▶ **WORK ITEM**: Pictures in the listing do not belong in the copy, which should repeat exactly the lines from the one holding "Škoda Octavia (2010)" through the last line.

▶ **DATA BELOW**:

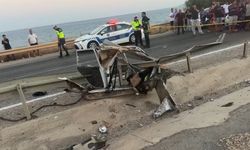 Bariyere Çarpan Otomobil İkiye Bölündü: 1 Ölü, 1 Yaralı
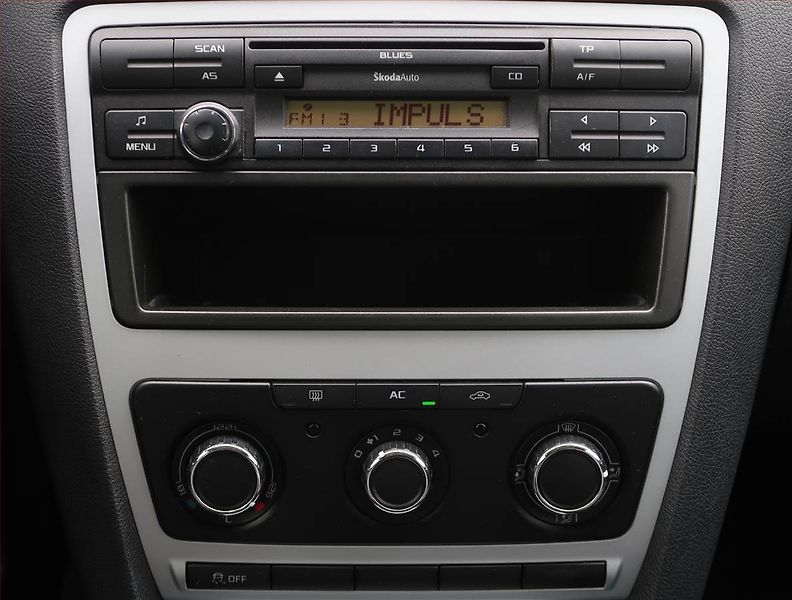 Škoda Octavia (2010) Ambiente 1.6 TDI, Serv.kniha - fotka 12 z 15
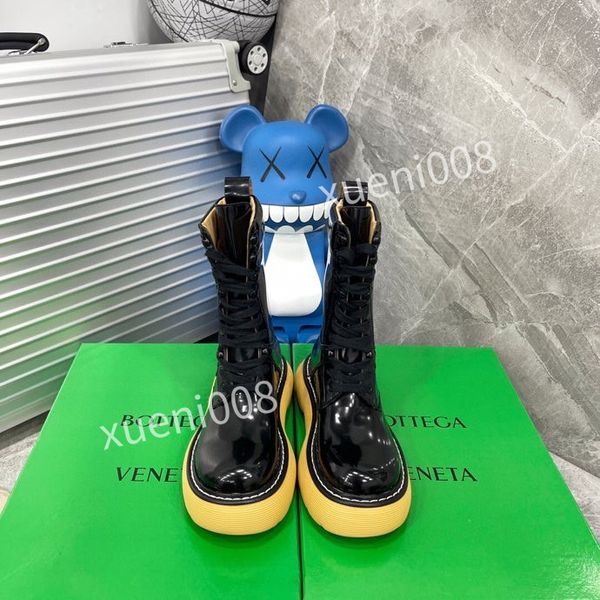 

2021 womens designer boots leather ankle 35-40 boot fashion non-slip wave colored rubber outsole elastic webbing luxury comfort booties yx21, Black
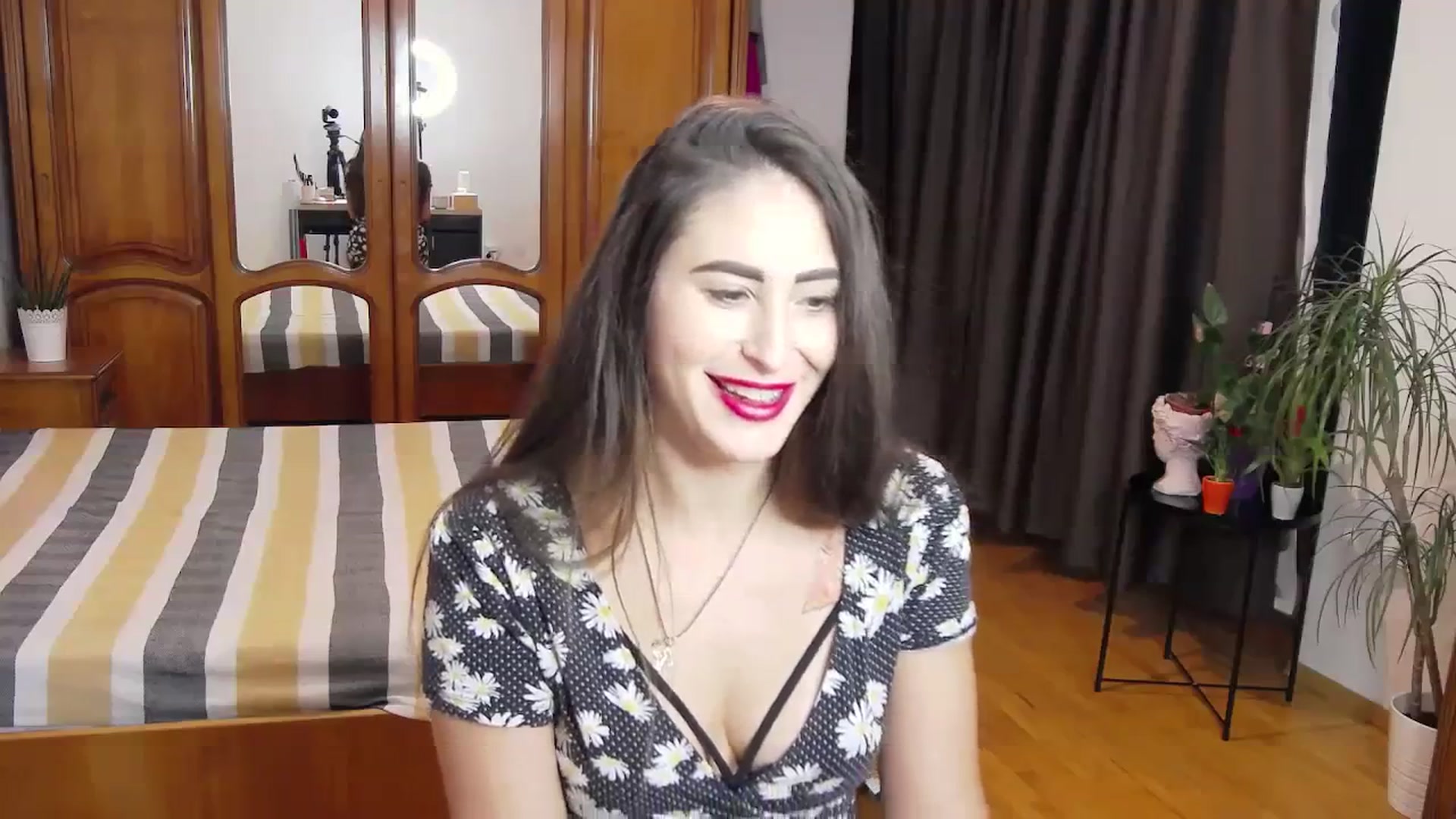 Gallery image thumbnail from MaraHari's myfreecams stream on, 11/19/2023, 18:34 image 2 of 20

▶ **TASK OUTPUT**:
 Škoda Octavia (2010) Ambiente 1.6 TDI, Serv.kniha - fotka 12 z 15

2021 womens designer boots leather ankle 35-40 boot fashion non-slip wave colored rubber outsole elastic webbing luxury comfort booties yx21, Black
 Gallery image thumbnail from MaraHari's myfreecams stream on, 11/19/2023, 18:34 image 2 of 20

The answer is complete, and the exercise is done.